[TASK TO COMPLETE]: Pictures excluded, retype the lines from the one containing "Appartamento Soul House Omiš Esterno foto" through the last line of the data below, both included.

[SUPPLIED MATERIAL]:
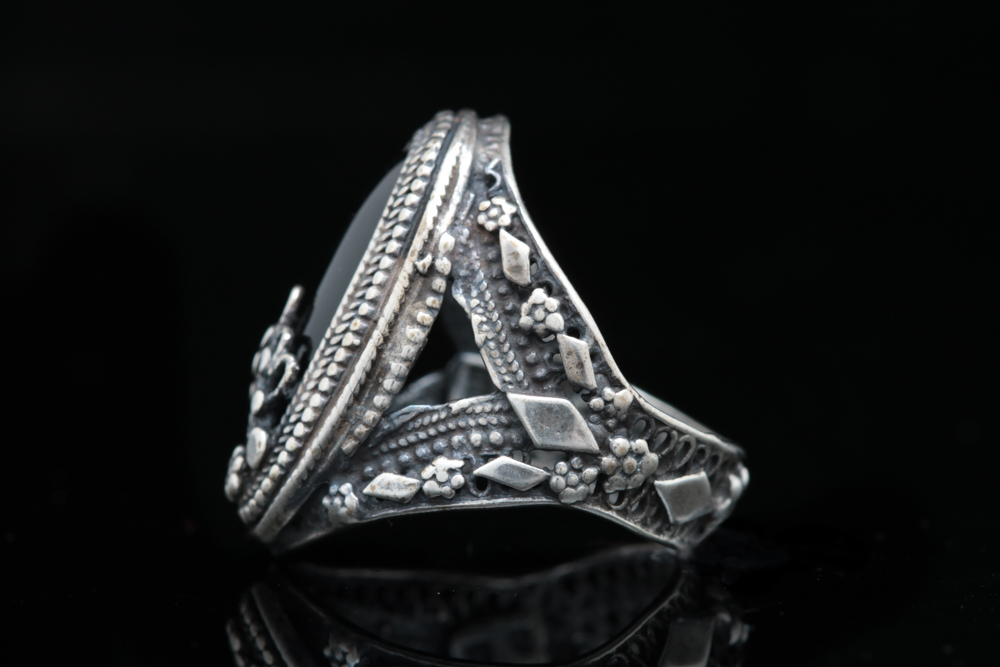 Sterlig Silver and Black Chalcedony Ring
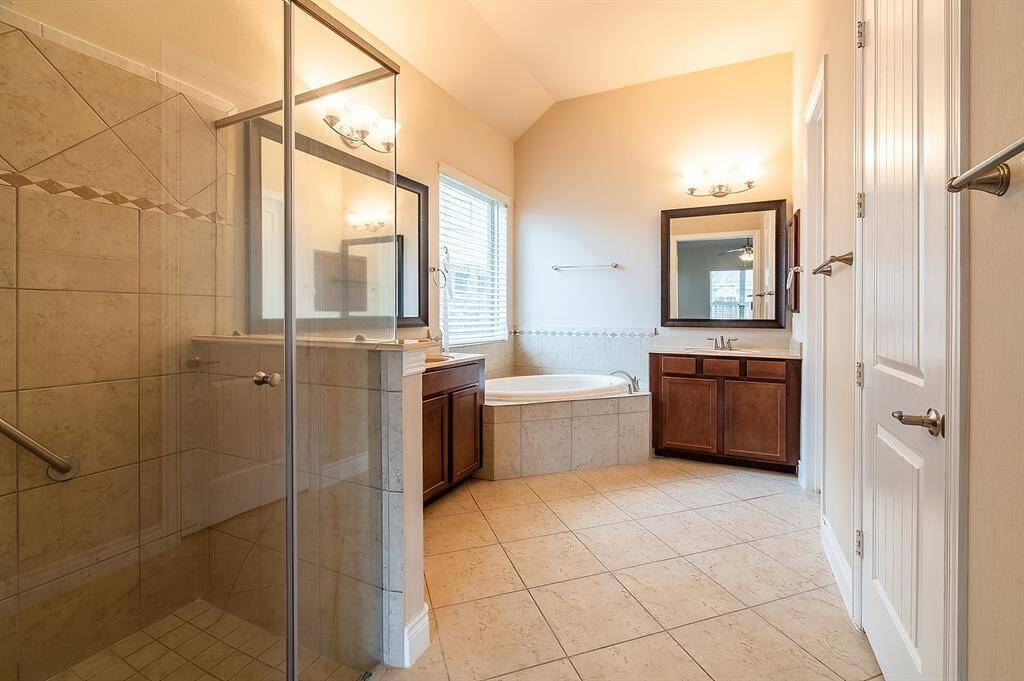 26059 N Kings Mill Primary bath has a large walk in closet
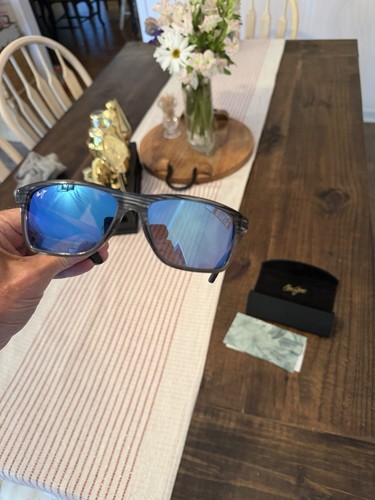 Maui Jim Men’s Onshore Sunglasses Gray Striped Frame Blue Mirrored Lens lg/xl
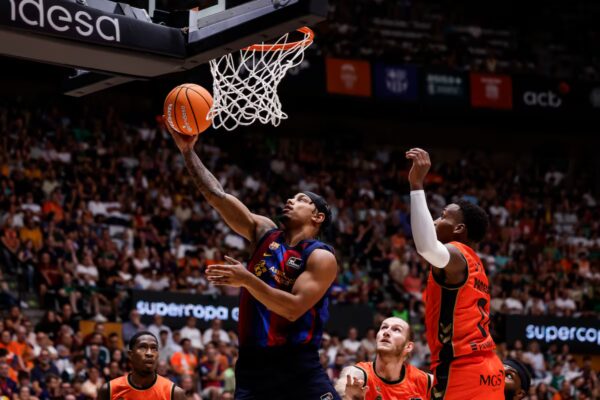 El Barcelona logra una contundente victoria sobre el Valencia y avanza a la final de la Supercopa de Baloncesto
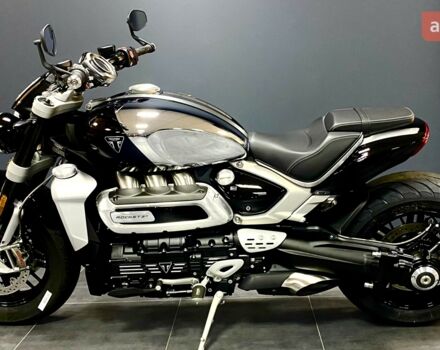 Триумф Рокет, объемом двигателя 2.5 л и пробегом 0 тыс. км за 28932 $, фото 1 на Automoto.ua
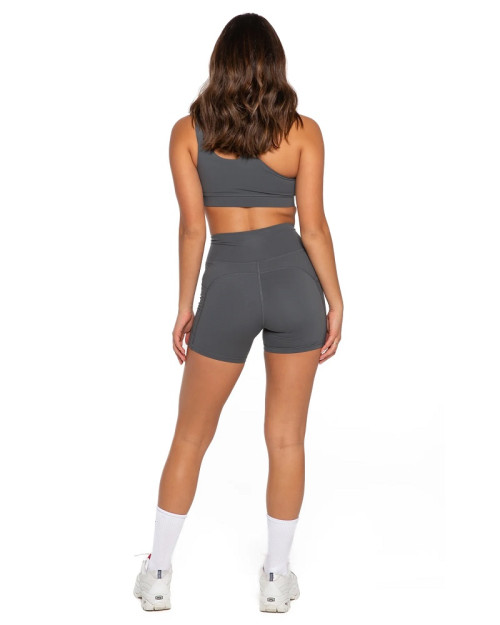 Tummy control compressive yoga shorts with side pockets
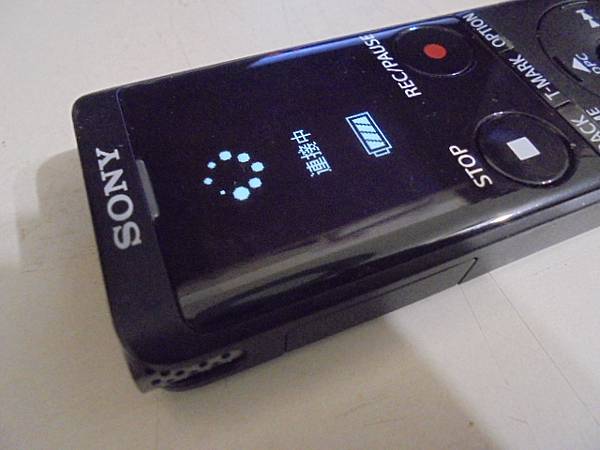 【排線斷裂】SONY索尼ICD-UX570F4GB錄音筆是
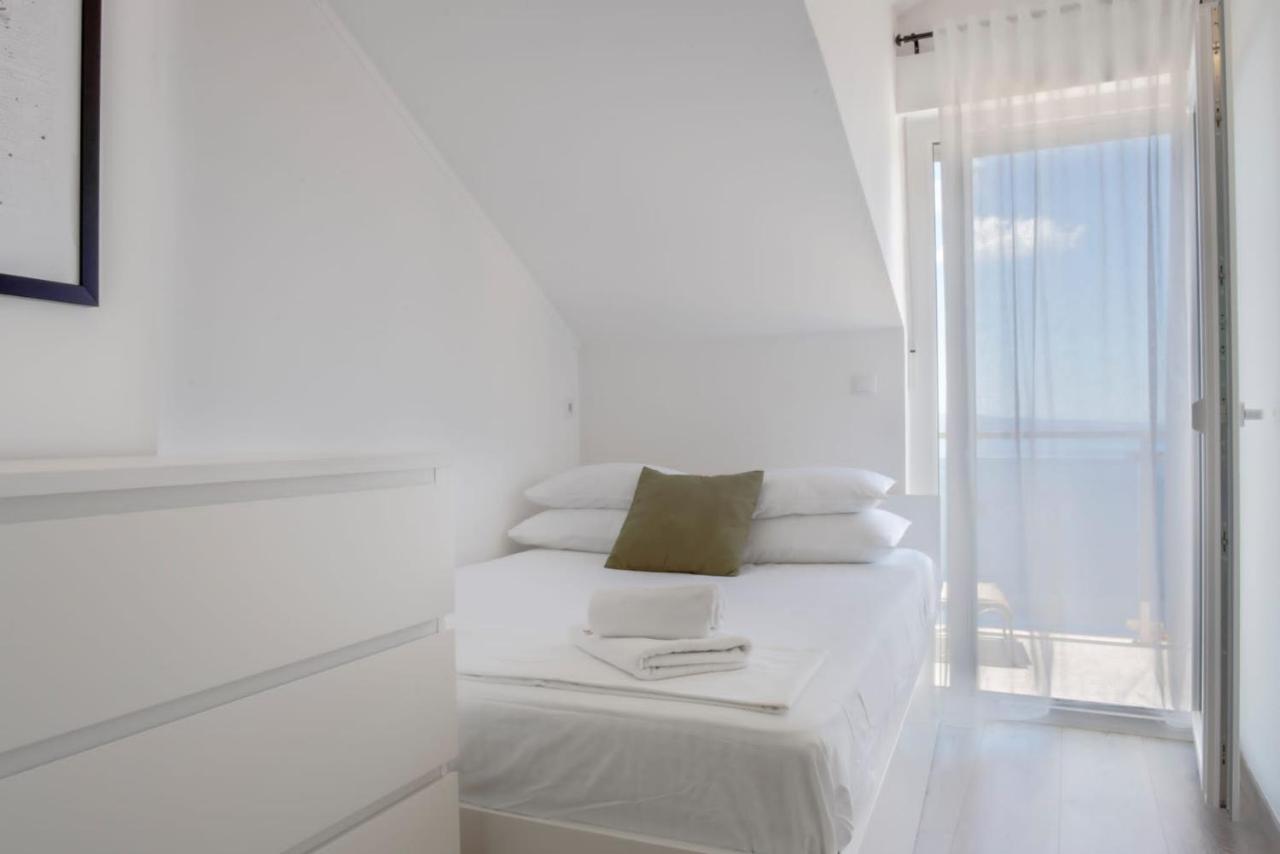 Appartamento Soul House Omiš Esterno foto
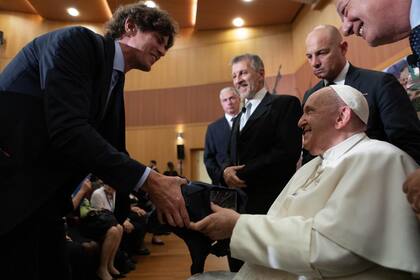 Martín Lousteau, por entonces precandidato a jefe de Gobierno porteño, visitó al Papa en mayo de 2023. Fue invitado por la Corporación Andina de Fomento (CAF) a participar del Encuentro Internacional de Ciudades Eco Educativas.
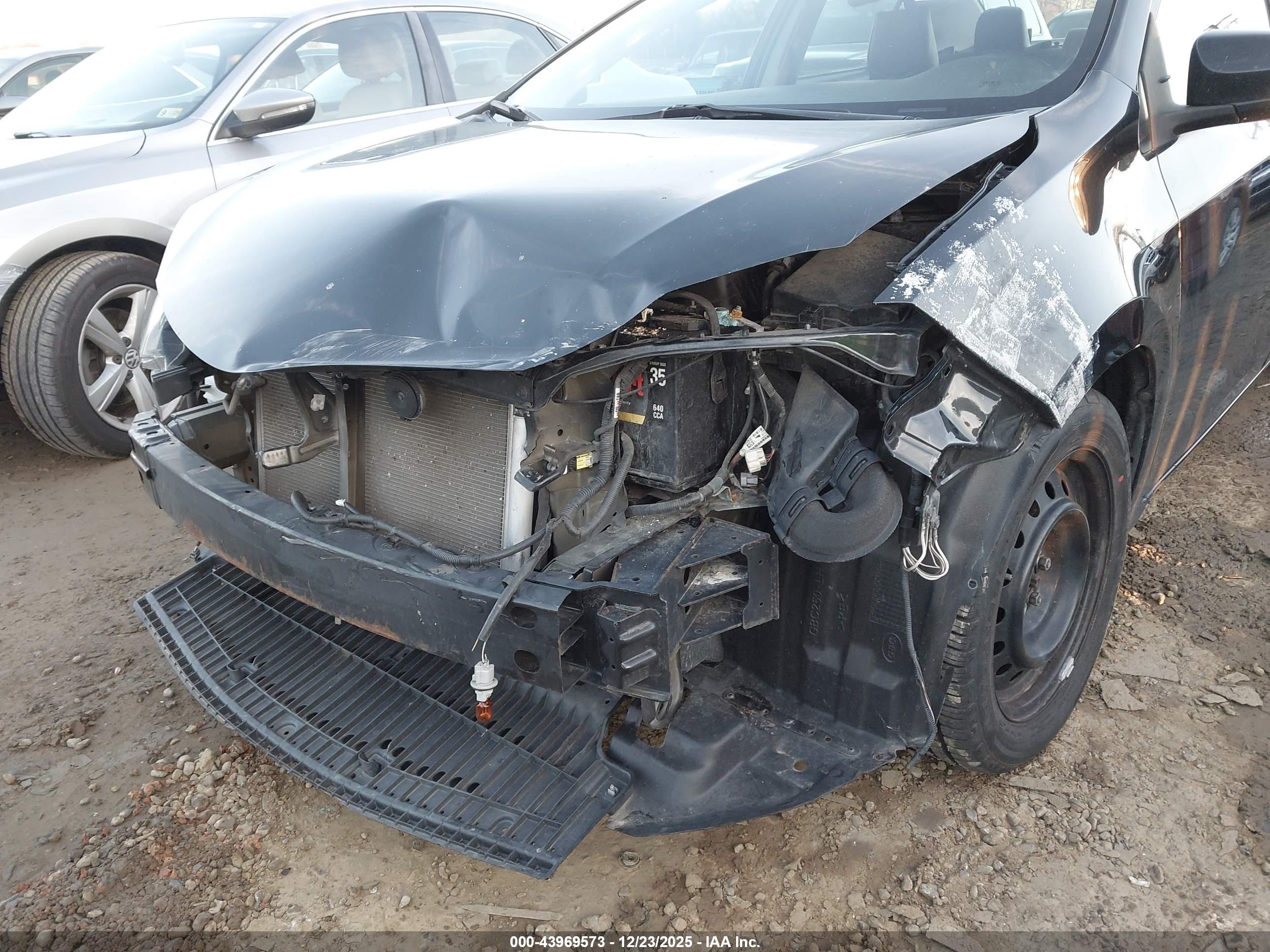 TOYOTA COROLLA image 6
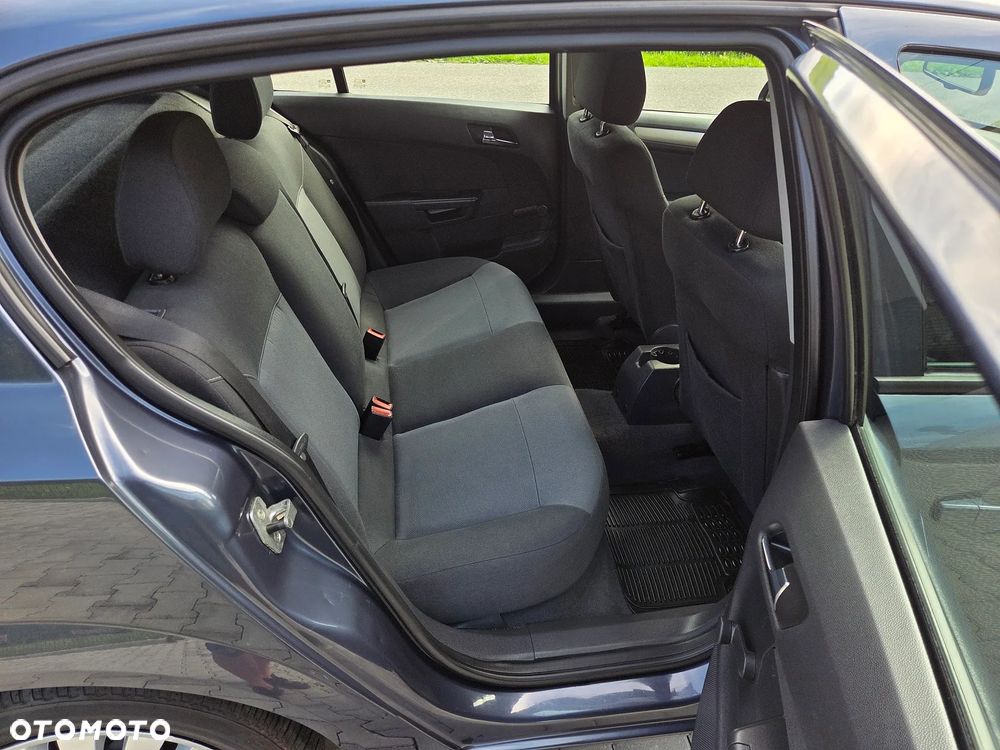 Opel Astra 1.6 Elegance - 15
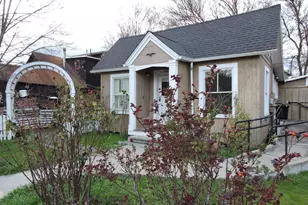 102 Home St, Talent, OR 97540 - Photo 1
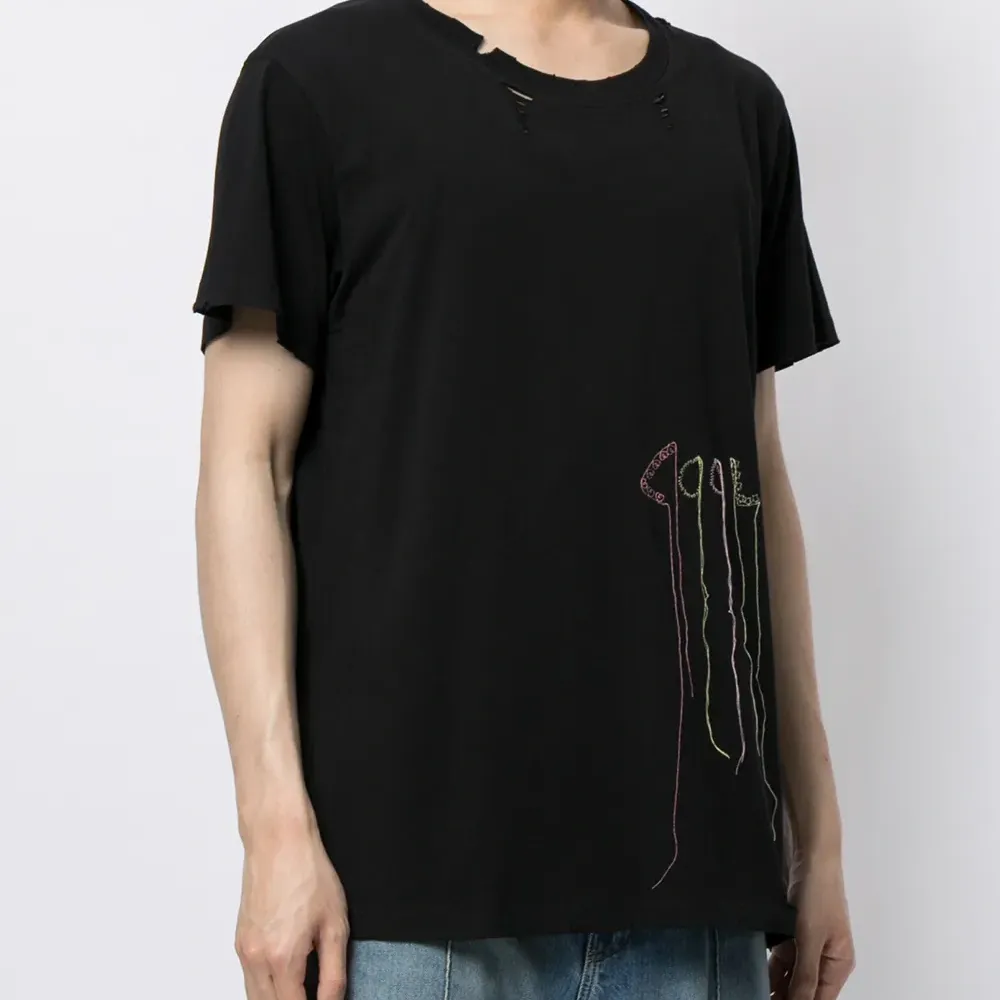 Футболка с вышивкой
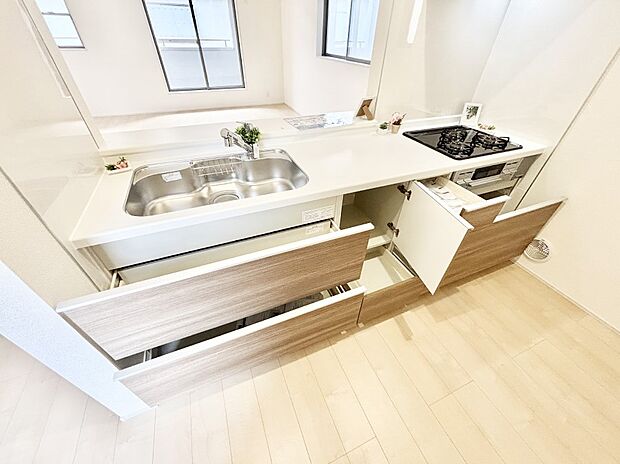 使いやすさを優先したスライド式収納タイプ!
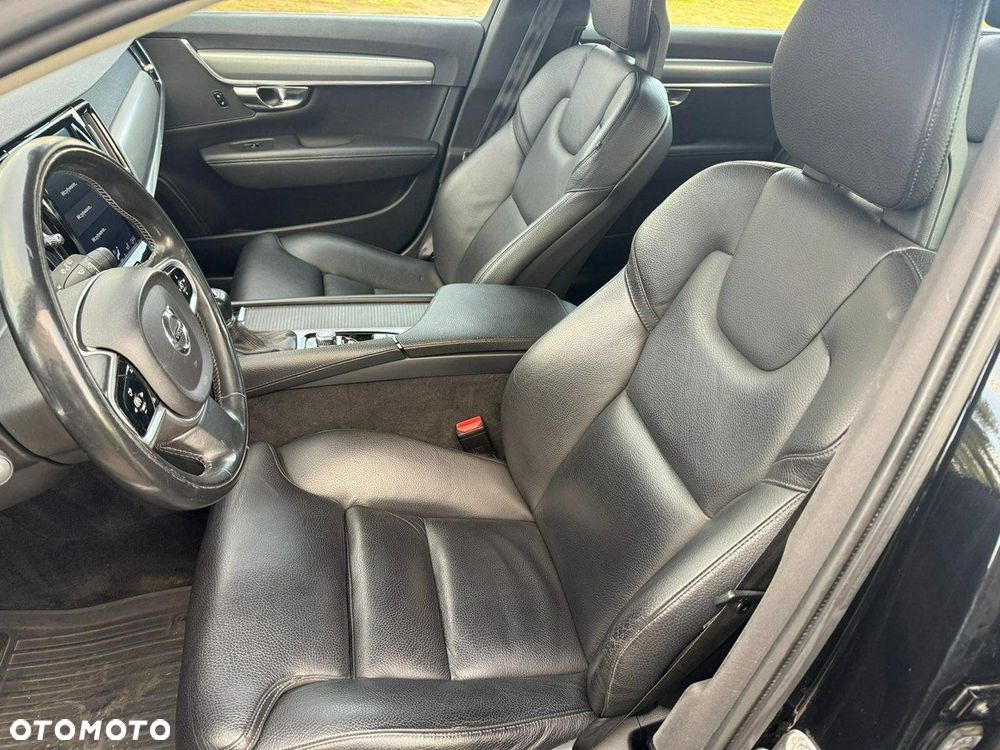 Volvo V90 - 15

[RESULT BELOW]:
 Appartamento Soul House Omiš Esterno foto
 Martín Lousteau, por entonces precandidato a jefe de Gobierno porteño, visitó al Papa en mayo de 2023. Fue invitado por la Corporación Andina de Fomento (CAF) a participar del Encuentro Internacional de Ciudades Eco Educativas.
 TOYOTA COROLLA image 6
 Opel Astra 1.6 Elegance - 15
 102 Home St, Talent, OR 97540 - Photo 1
 Футболка с вышивкой
 使いやすさを優先したスライド式収納タイプ!
 Volvo V90 - 15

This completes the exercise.